I like a good walk. Unfortunately, my younger daughter, who has the most time to explore with me, isn't a big fan of them.
I always need some kind of carrot-and-stick approach when I mention taking a little jaunt. Maybe a treat at the end. Or a playground. Or a chance to see a friend. Or some destination that will pique her interest - like walking to a playground, next to an ice cream shop where her best buddy will also be. That would blow her mind.
I'd been there many times with my kids, but, this morning, we were headed to a spot that we hadn't stumbled upon for whatever reason. Probably because we'd always stayed on the paved trail.
The Whisper Benches sit just down the hill from the pavilion, along an unpaved portion of the trail. They were created by Greensboro artist Jim Gallucci, who uses painted steel and architectural forms when he creates his art, according to the art museum's website. The benches sit on either side of the trail, but are linked underground by a hidden pipe that lets visitors whisper messages to each other while sitting on different sides of the path.
Yep ... if you've spent time on playgrounds lately, you'll know that this kind of feature is common. These are what some playground planners call "whisper phones" where you speak into one end under a slide, for instance, and a friend hears what you said at the other end over by the monkey bars. I also like to refer to them as "whisper-ma-phones," pulling from a line in "The Lorax."
I don't see them get much play at the playground. Here on the trail, however, they were a hit.

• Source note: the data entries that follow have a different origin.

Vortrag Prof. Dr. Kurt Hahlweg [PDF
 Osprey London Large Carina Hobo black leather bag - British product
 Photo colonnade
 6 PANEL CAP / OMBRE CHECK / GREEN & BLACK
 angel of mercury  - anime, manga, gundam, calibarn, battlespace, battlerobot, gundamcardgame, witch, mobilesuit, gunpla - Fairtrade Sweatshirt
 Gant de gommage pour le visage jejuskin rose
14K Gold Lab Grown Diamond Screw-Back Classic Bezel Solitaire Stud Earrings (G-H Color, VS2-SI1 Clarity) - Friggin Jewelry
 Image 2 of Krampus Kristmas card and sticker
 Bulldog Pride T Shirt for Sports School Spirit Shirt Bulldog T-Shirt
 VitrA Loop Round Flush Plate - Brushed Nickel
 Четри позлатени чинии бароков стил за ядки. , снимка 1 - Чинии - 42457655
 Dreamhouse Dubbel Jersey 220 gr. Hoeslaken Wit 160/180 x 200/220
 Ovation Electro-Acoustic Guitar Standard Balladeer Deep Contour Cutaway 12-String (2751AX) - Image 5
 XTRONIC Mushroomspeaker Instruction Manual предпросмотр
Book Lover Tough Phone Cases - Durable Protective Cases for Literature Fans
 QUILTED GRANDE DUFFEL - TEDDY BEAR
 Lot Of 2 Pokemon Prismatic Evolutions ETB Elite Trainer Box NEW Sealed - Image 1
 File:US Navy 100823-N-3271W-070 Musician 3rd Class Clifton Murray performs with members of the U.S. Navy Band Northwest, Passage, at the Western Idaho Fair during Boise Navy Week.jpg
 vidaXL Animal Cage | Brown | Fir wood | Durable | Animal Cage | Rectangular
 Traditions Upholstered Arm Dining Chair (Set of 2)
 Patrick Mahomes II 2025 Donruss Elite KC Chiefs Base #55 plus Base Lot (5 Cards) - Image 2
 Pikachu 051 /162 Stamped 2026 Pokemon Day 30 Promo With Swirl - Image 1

As soon as my two little walking partners saw the yellow benches from the hill above, they started running (only to be sidetracked momentarily by the little bridge, which they also enjoyed, right before they got to the benches).
They pretty quickly figured out how it worked and then started whispering and shouting and whispering messages to each other. Then they'd run around the benches and try it again.
When I said "the whisper bench speaks," in a low, gruff voice into one end, they erupted in giggles. I had to do it about ten more times.
The benches were all wet when we got there, so there wasn't much of an opportunity to sit down and relax. But they sit in a spot that's surrounded on one side by a grassy hill and on the other side by a shady creek. I imagine this might be a nice place to set up a picnic or snack and hang out for a bit.
The benches are about a half mile from the lower parking lot near the museum's East Building. We got there early before the museum opened. There were plenty of parking spaces. Bathrooms are open inside the museum, where admission is free, during operating hours.